David was put on medication immediately after he was tested, even before he got results of my CD4 test.
Two weeks later, David was told his CD4 count was 54.
“I didn’t know if that was a good or bad thing. They sent me to Narok Referral Hospital where I was started on ARVs.”
The ARVs’ side effects were so severe that David was taken to his rural home in Maragua by the college’s ambulance and bedridden for two months.
In Maragua Hospital, tests revealed that David had tuberculosis. He was put on TB medication.
“In total, I was taking more than 10 drugs a day. Visitors would cry when they came calling, but I would ask, ‘What’s wrong?’ I wasn’t psychologically shaken. I ate. But the food came out undigested.”
During one of those long college breaks, David was informed about a support group for young people living with HIV, which held its sessions in Maragua Hospital.
It was here that Eva and David met and exchanged digits. One phone call led to another. And the rest is a love story.
Stigma in schools
In high school, there were students who knew that the children’s home that Eva came from housed HIV-positive kids. Which was like a yoke around her neck. Some students started spreading rumours that she was HIV-positive.

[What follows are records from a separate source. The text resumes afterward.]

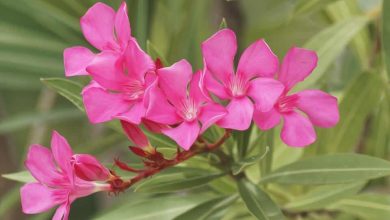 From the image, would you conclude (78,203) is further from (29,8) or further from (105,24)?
(105,24)

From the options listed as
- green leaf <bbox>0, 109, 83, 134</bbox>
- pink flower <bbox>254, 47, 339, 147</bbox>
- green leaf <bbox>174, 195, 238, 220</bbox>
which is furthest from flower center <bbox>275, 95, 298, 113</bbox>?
green leaf <bbox>0, 109, 83, 134</bbox>

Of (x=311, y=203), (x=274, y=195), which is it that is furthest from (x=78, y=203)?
(x=311, y=203)

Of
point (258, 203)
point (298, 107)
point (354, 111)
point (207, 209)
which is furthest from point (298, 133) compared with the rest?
point (354, 111)

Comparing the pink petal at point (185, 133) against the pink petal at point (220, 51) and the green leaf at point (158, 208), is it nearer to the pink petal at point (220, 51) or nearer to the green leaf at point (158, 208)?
the pink petal at point (220, 51)

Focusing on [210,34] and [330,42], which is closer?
[330,42]

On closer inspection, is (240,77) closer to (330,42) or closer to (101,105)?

“There was a day when our boarding school’s administration decided to inspect the students’ suitcases,” Eva narrates.
“When teachers ordered us to open our suitcases, I refused because I knew the ARVs in my suitcase would blow the lid on my secret.”
The teachers ordered her to kneel down as a punishment. They never bothered to ask her why she did not want to open her suitcase. They gave her two choices; open her suitcase or go on suspension.
“When I did not budge, they took me to the principal. I tried to explain to him that I could not open my suitcase because it had drugs. But he jumped to conclusions, and couldn’t listen past the word, drugs. He slapped me and told me to write an apology letter.”
“I told him that I wouldn’t accept the punishment or go home on suspension if he didn’t want to listen to my explanation. After some time, he cooled down and I told him that the drugs were ARVs. He felt so guilty. We became friends.”
Eva says that schools are still relatively uneducated insofar as HIV awareness is concerned. She feels that teachers, out of sheer ignorance, contribute to stigma and discrimination of students who are infected and affected with HIV.
Eva adds that teachers need to have correct information about HIV. She explains that most times when teachers tackle the topic of HIV, many usually fall into the same old trap of drawing a person with HIV as pin thin.
“HIV-positive adolescents need our care and support so they can take their medications without fear. I want to tell people that many young people who are living with HIV are religiously taking their ARVs and have a suppressed viral load.”
David was fortunate because he had caring roommates. They never stigmatised or discriminated him. Besides, the college administration was always in his corner.
“I returned to college after being bedridden for two months, but I fell ill that same month,” David says.
“I was admitted in the college’s clinic. I sat for my exams in that same state. I recovered miraculously. Since then, I’ve never fallen ill.”
Triple zero champions
Eva works in Maragua Hospital as an OTZ Champion; which stands for, “Operation Triple Zero”. This means that this champ has missed zero doctor’s appointments, has zero viral load and has missed zero ARVs.
“It’s no mean feat attaining these three,” Eva tells me. “My work is to make sure adolescents living with HIV attain all three zeroes.”
After finishing high school and moving out of the children’s home to her sister’s place, Eva frequented Maragua Hospital where she took the initiative to share her experience and counsel youths.
“I remember the case of a lad who was HIV-positive, and who made the hospital authorities to take note.”
“He was bedridden and in denial. He had given up on life. I spoke to him and gave him hope. I kept visiting him. When he recovered, the hospital felt that I had something to offer to adolescents.”
David’s college holds life skill talks every Friday. He dishes his students the real talk about HIV.
The couple is expecting their first child around 18th this month.